Annual allowance remains static
No change has been made to the annual allowance which will remain at £40,000. This announcement was also expected following the Conservative’s criticism of Labour’s proposals to reduce the annual allowance to £30,000, and will no doubt be a popular decision. It remains to be seen how long this will be case following the results of the election on May 7 2015.
Secondary annuity market – freedoms to be extended
The Chancellor has confirmed that the defined contribution freedoms will be extended to people who have purchased annuities (i.e. existing annuitants will be permitted to sell their income to a third party).
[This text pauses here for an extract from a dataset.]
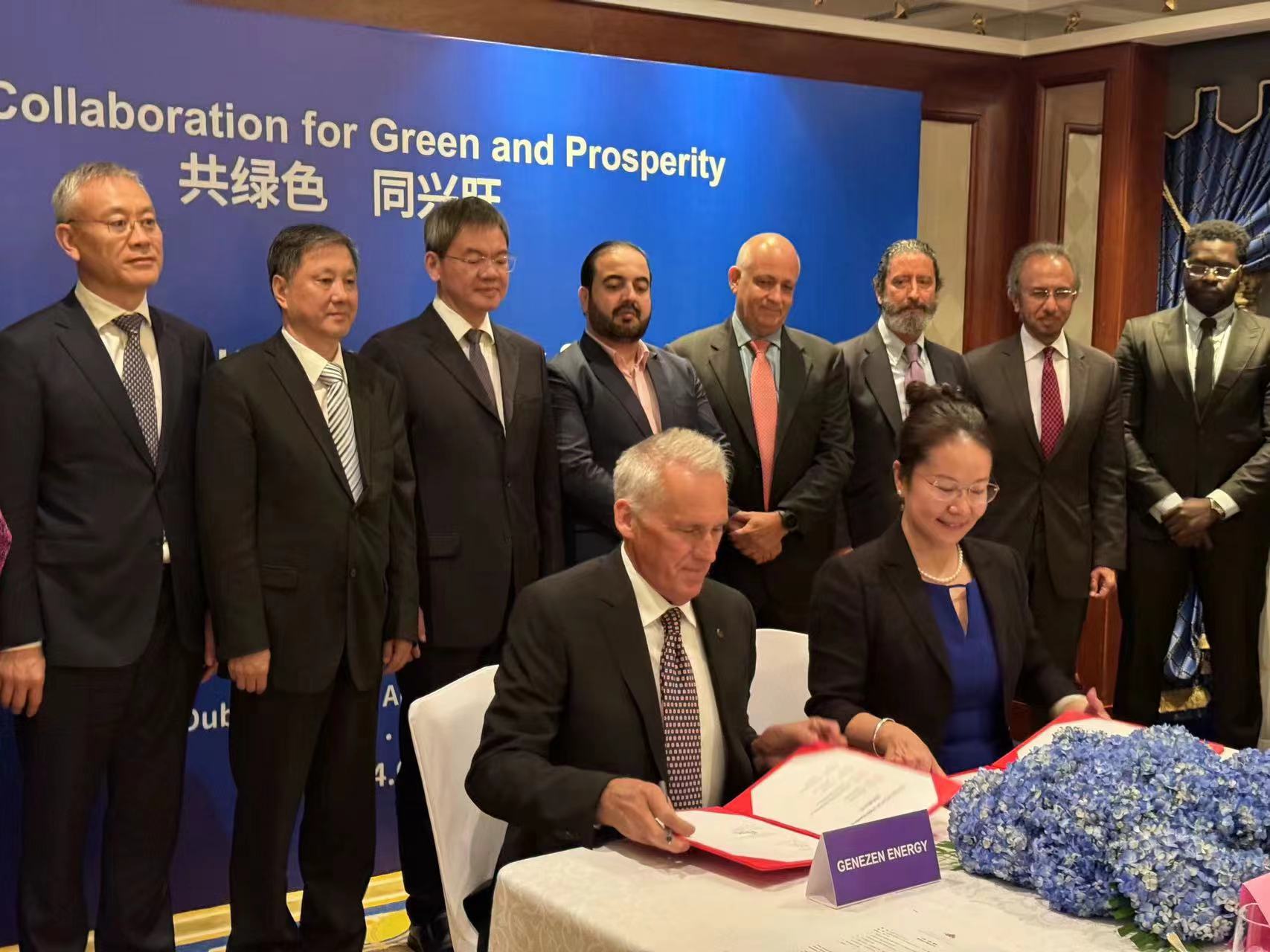 Hengyuan Dongli New Energy Präsident Xian Xiaoli unterschreibt Vertrag auf dem Weltenergiegipfel der Zukunftsenergien, Abu Dhabi Hengyuan Dongli New Energy Präsident Xian Xiaoli unterschreibt Vertrag auf dem Weltenergiegipfel der Zukunftsenergien, Abu Dhabi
Further, a consultation has been launched on how to create such a market, with the Chancellor inviting views as to how to ensure that individuals are given the right level of advice and guidance. Presently, pensioners who sell their income from their annuity face a tax charge of 55%, whereas under the new regime effective from April 2016, the money can be taken as a lump sum or drawn down over a period of years, and taxed at the individual’s marginal rate.
This flexibility will be welcomed by many annuitants, but it is imperative that satisfactory regulation is put in place otherwise there is a risk that this could result in the next mis-selling scandal if it is abused by fraudsters. As such, the consultation is a positive move but, of course, the devil will be in the detail of how the new regime is to be regulated.